[DOC] Add additional comments for LLMEngine and AsyncLLMEngine (#1011)

2024-01-12 11:26:49 +08:00
parent 50376faa7b
commit 6549aef245
9 changed files with 242 additions and 15 deletions
--- a/vllm/engine/async_llm_engine.py
+++ b/vllm/engine/async_llm_engine.py
@@ -253,7 +253,8 @@ class AsyncLLMEngine:
        log_requests: Whether to log the requests.
        start_engine_loop: If True, the background task to run the engine
            will be automatically started in the generate call.
-        *args, *kwargs: Arguments for LLMEngine.

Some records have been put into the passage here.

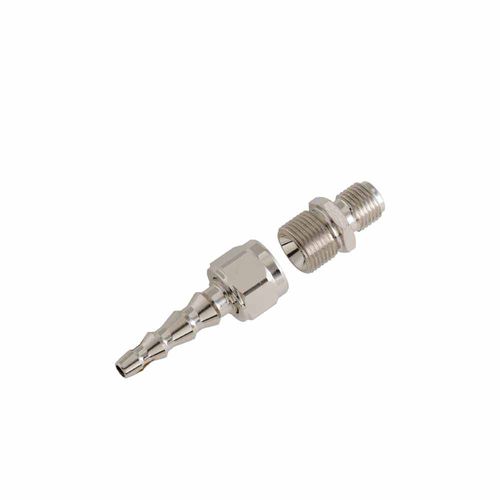 Raccordo per gas - 490380GP - OXYTURBO SPA - filettato / in ottone / di ottone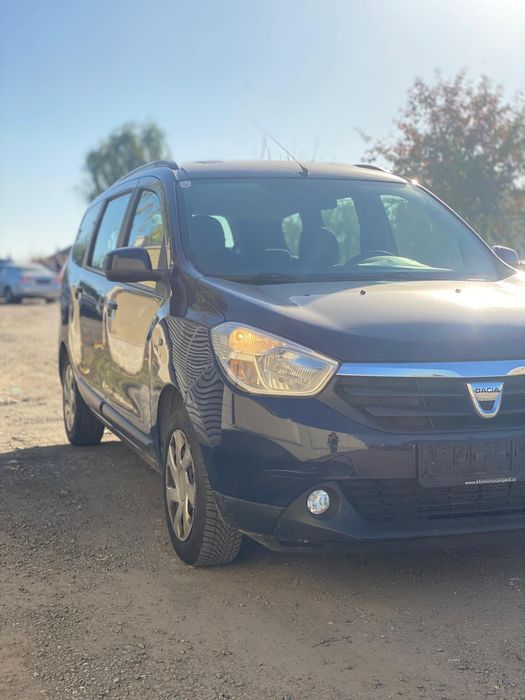 Vând Dacia Lodgy 1.6 benzina,  an 2015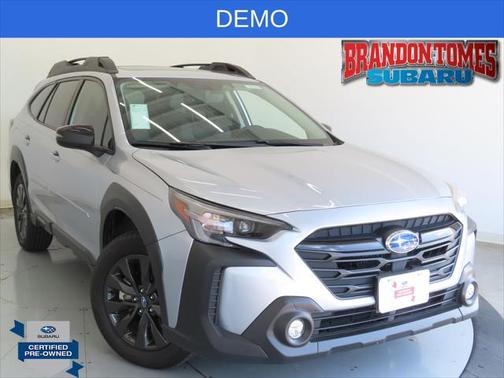 2025 Subaru Outback Onyx Edition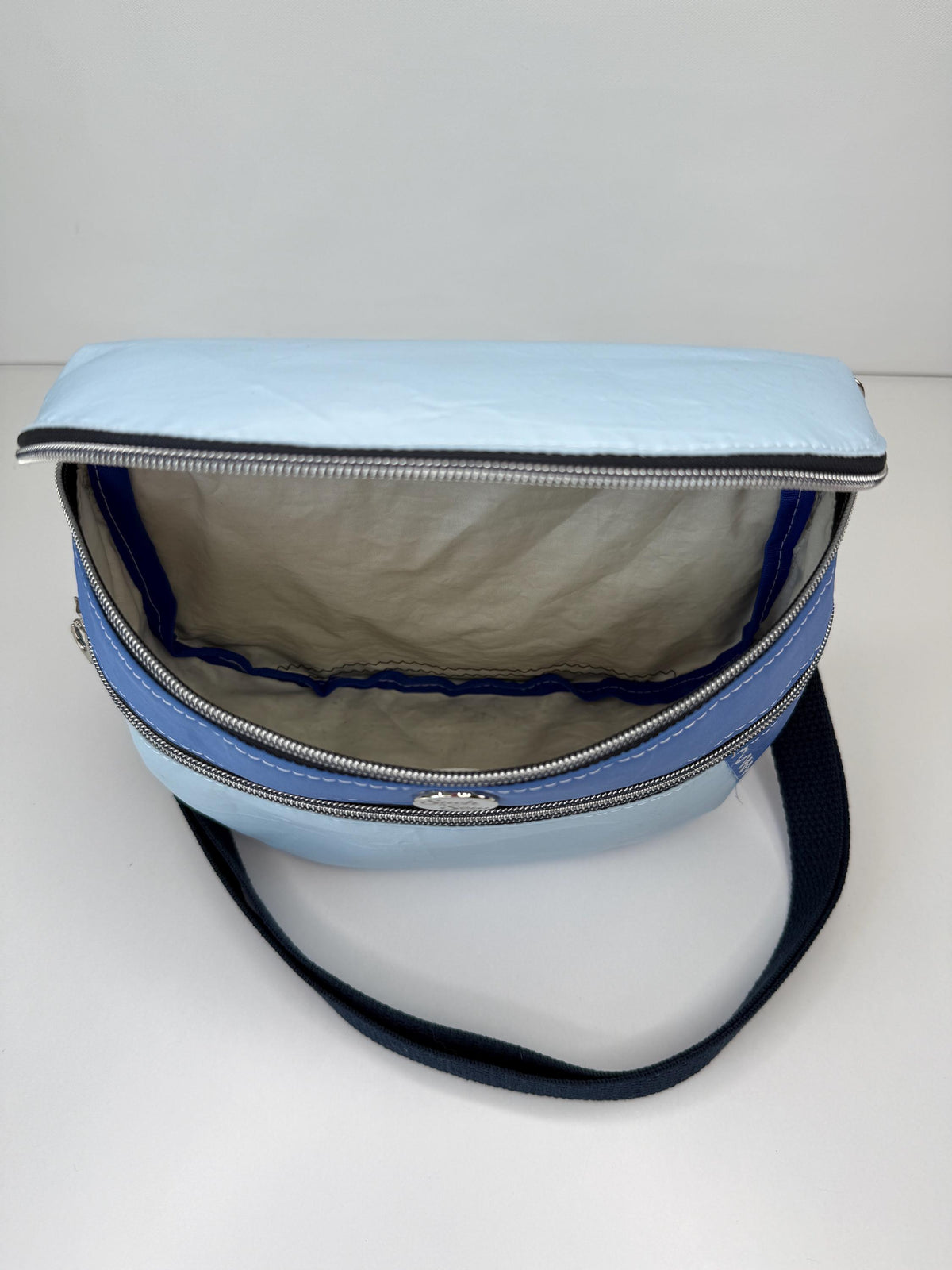 Upcycled Sailcloth Bum Bag Crossbody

+        *args: Arguments for LLMEngine.
+        *kwargs: Arguments for LLMEngine.
    """

    _engine_class: Type[_AsyncLLMEngine] = _AsyncLLMEngine
@@ -428,6 +429,49 @@ class AsyncLLMEngine:
        Yields:
            The output `RequestOutput` objects from the LLMEngine for the
            request.
+
+        Details:
+            - If the engine is not running, start the background loop,
+              which iteratively invokes
+              :meth:`~vllm.engine.async_llm_engine.AsyncLLMEngine.engine_step`
+              to process the waiting requests.
+            - Add the request to the engine's `RequestTracker`.
+              On the next background loop, this request will be sent to
+              the underlying engine.
+              Also, a corresponding `AsyncStream` will be created.
+            - Wait for the request outputs from `AsyncStream` and yield them.
+
+        Example:
+            >>> # Please refer to entrypoints/api_server.py for
+            >>> # the complete example.
+            >>>
+            >>> # initialize the engine and the example input
+            >>> engine = AsyncLLMEngine.from_engine_args(engine_args)
+            >>> example_input = {
+            >>>     "prompt": "What is LLM?",
+            >>>     "stream": False, # assume the non-streaming case
+            >>>     "temperature": 0.0,
+            >>>     "request_id": 0,
+            >>> }
+            >>>
+            >>> # start the generation
+            >>> results_generator = engine.generate(
+            >>>    example_input["prompt"],
+            >>>    SamplingParams(temperature=example_input["temperature"]),
+            >>>    example_input["request_id"])
+            >>>
+            >>> # get the results
+            >>> final_output = None
+            >>> async for request_output in results_generator:
+            >>>     if await request.is_disconnected():
+            >>>         # Abort the request if the client disconnects.
+            >>>         await engine.abort(request_id)
+            >>>         # Return or raise an error
+            >>>         ...
+            >>>     final_output = request_output
+            >>>
+            >>> # Process and return the final output
+            >>> ...
        """
        # Preprocess the request.
        # This should not be used for logging, as it is monotonic time.